モーションオフェンスとは?
もーしょんおふぇんす
モーションオフェンスとは、バスケットボールで事前に決められたパターンに縛られず、選手全員が動き続けてスペースを作り出す流動的な攻撃システムのことです。
モーションオフェンス(Motion Offense)は、バスケットボールにおける攻撃戦術の一形態で、固定されたセットプレーではなく、選手全員が常に動くことでディフェンスを崩すシステムです。1960〜70年代にボブ・ナイト(インディアナ大学)が体系化したとされ、現在も大学・プロを問わず広く採用されています。
モーションオフェンスの基本原則は「カット・スクリーン・スペーシング」の三要素です。
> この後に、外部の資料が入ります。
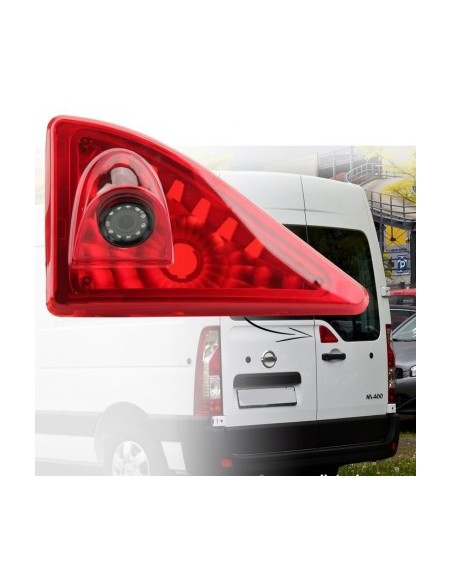Reversing camera for Nissan NV400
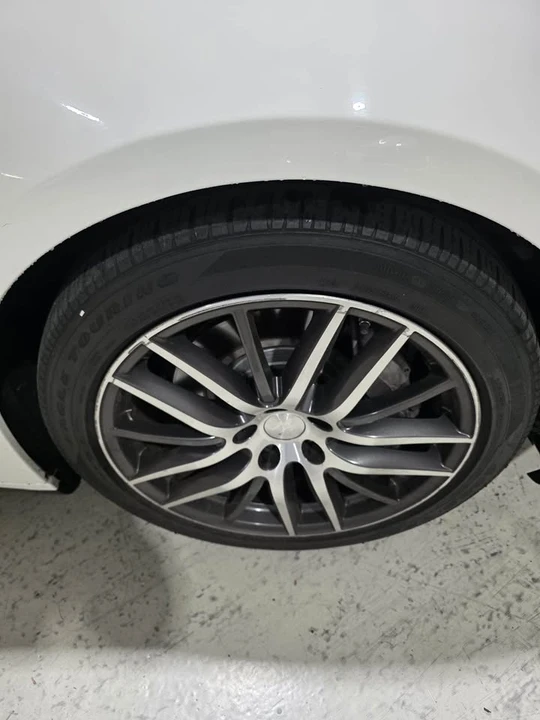 2015 Maserati Ghibli 3rd Gen - Image 4 of 19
ボール保持者がドライブやパスをしやすいよう、残りの選手がカット(動いてパスを呼び込む動き)やスクリーン(ブロック)を絶えず繰り返してオープンスペースを生み出します。選手が決められた場所で止まって待つのではなく、状況判断に基づいて自律的に動き続けることが求められます。
モーションオフェンスの特徴は以下の通りです。
- 流動性:セットプレーに依存せず状況に応じた判断を重視する
- 全員参加:特定のスター選手に依存せず、5人全員がボールに関与できる
- スペーシング:コート上の空間を有効に使い、ドライブレーンやパスコースを確保する
- 習得難度:選手の読み合いや判断力が必要で、練習量と理解度が求められる
現代NBAでも「フレックスオフェンス」「プリンストンオフェンス」などモーションの概念を取り入れた戦術が多く、スモールボール時代にも適合した柔軟な攻撃思想として評価されています。
使い方・例文
バスケットボールの戦術解説や指導書で「全員がスクリーンを掛け合いながら動き続け、ディフェンスのズレを作る攻撃パターン」として紹介される場面で登場します。